ノートルダムの夕日 SD15 + 70-200mm F2.8

 梅雨の晴れ間に夕日を狙いに姪浜漁港に出かけました。機材をセッティングして待つこと1時間、太陽が地平線に近づくにつれて空の色が急激に変わっていきます。ちょうど、対岸にある結婚式場の傍を太陽が落ちていきます。ここはヨーロッパの寺院を模して造られているため、格好の被写体になりました。塔の輪郭を出すためにピントをシビアにし、流れていく雲と落ちていく太陽のバランスを計算しながらの撮影でした。

 この写真は、70-200mm の望遠レンズで撮りました。強風だったため、レンズフードも含めて長いレンズは揺れてしまいます。完全に振れを無くすために、風が治まったときに2秒のシャッター・タイマーにして撮りました。
つつじ

つつじ SD15 + 105mm F2.8 MACRO

 日本にはツツジ科の樹が22属108種あるそうですが、それぞれの種に違った色合いがあります。
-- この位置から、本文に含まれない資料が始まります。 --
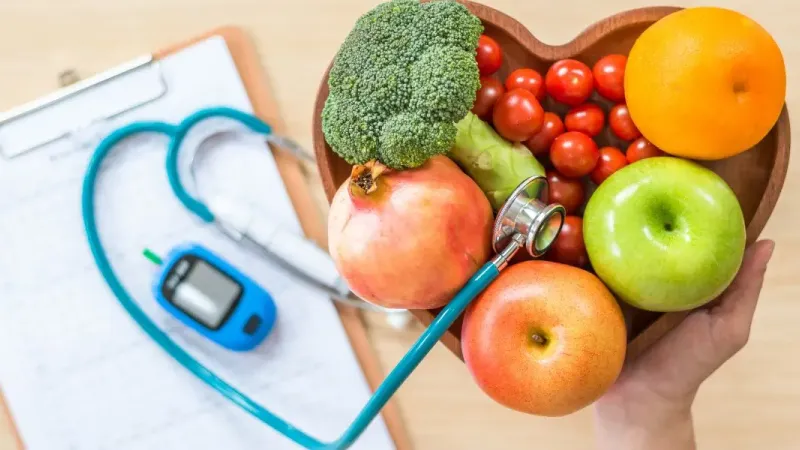 Triglycérides : des gestes concrets pour un taux plus sain. a person holding a stethoscope next to a bowl of fruits and vegetables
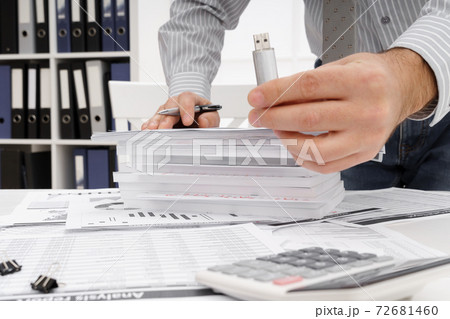 business concept - businessman's working table close view, shows the USB flash drive business concept - businessman's working table close view, shows the USB flash drive 72681460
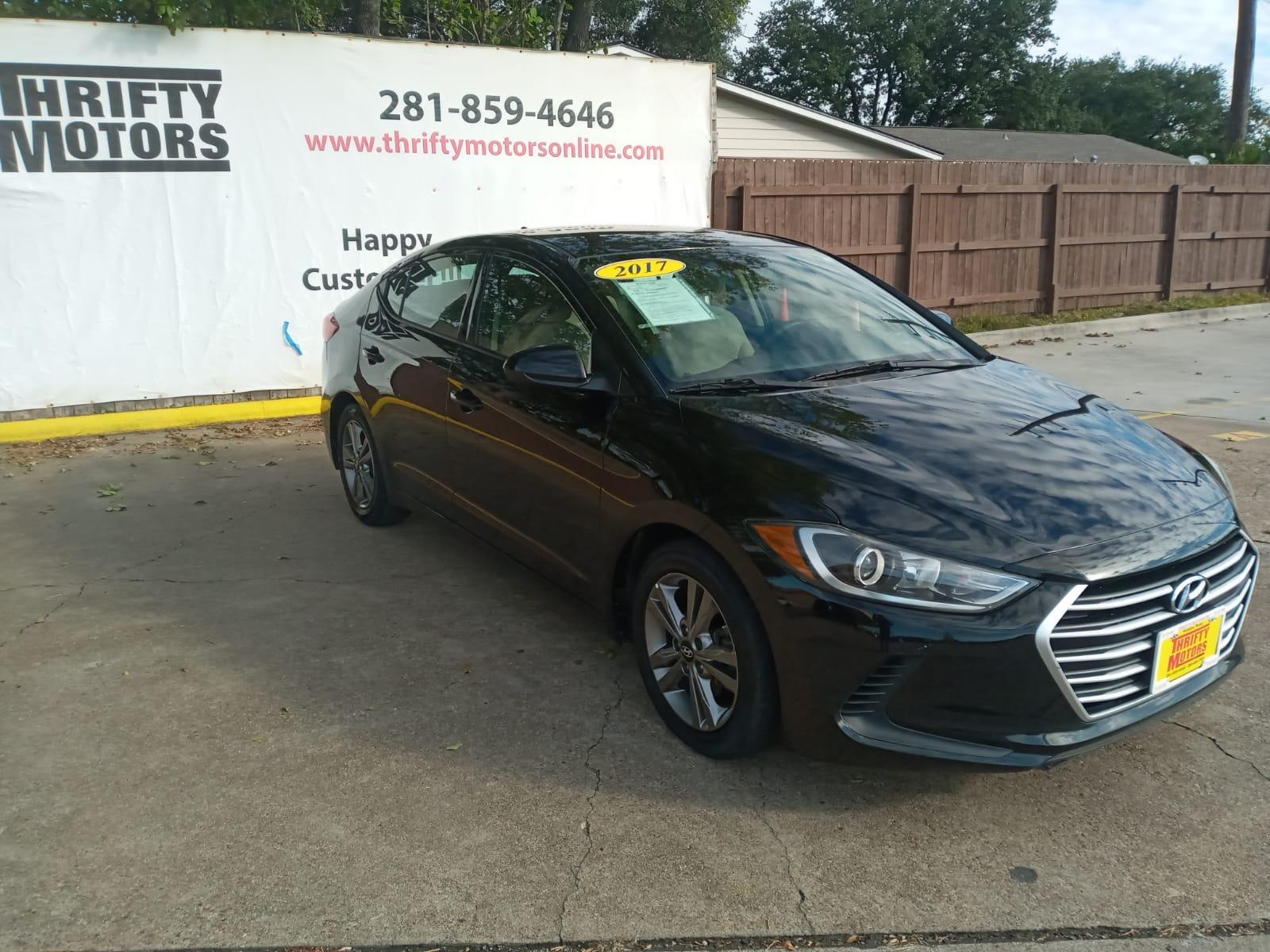2017 BLACK Hyundai Elantra Limited (5NPD84LF4HH) with an 1.8L L4 DOHC 16V engine, 6A transmission, located at 16710 Clay Rd., Houston, TX, 77084, (281) 859-7900, 29.834864, -95.656166 - Low Down. Low Payments. - Photo #3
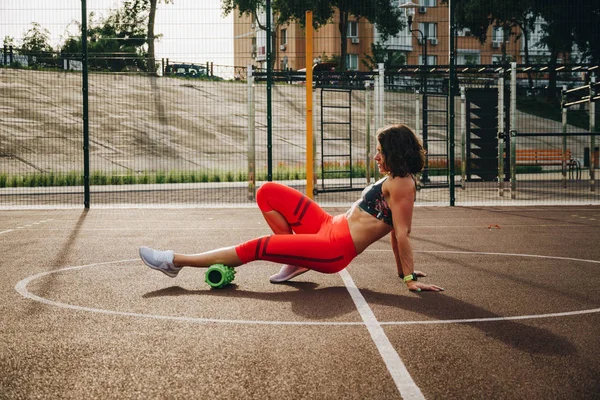 theme sport and rehabilitation sports medicine. Beautiful strong slender Caucasian woman athlete uses foam roller green field street workout to workout to remove pain, stretch and massage muscles.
淡いピンクから濃い目のピンク、ハッとするような赤まで、様々なつつじの花の色です。雨の中で見つけたこのつつじは、ちょうど NAMBEI マリア・ローザ号の色にとても良く似ていました。ジロ・デ・イタリアのピンクはスポンサーのスポーツ紙の色からとったそうですが、日本ではピンクというと桜やつつじの色が一番に思い浮かびます。

 この写真は、105mmのマクロレンズで撮りました。絞りが5.6ですので、ピントが合う範囲は1cmぐらいでしょうか。オシベの根元のあたりはすでにピントの範囲外で、小さい花の内部でさえ遠近感を出すことができます。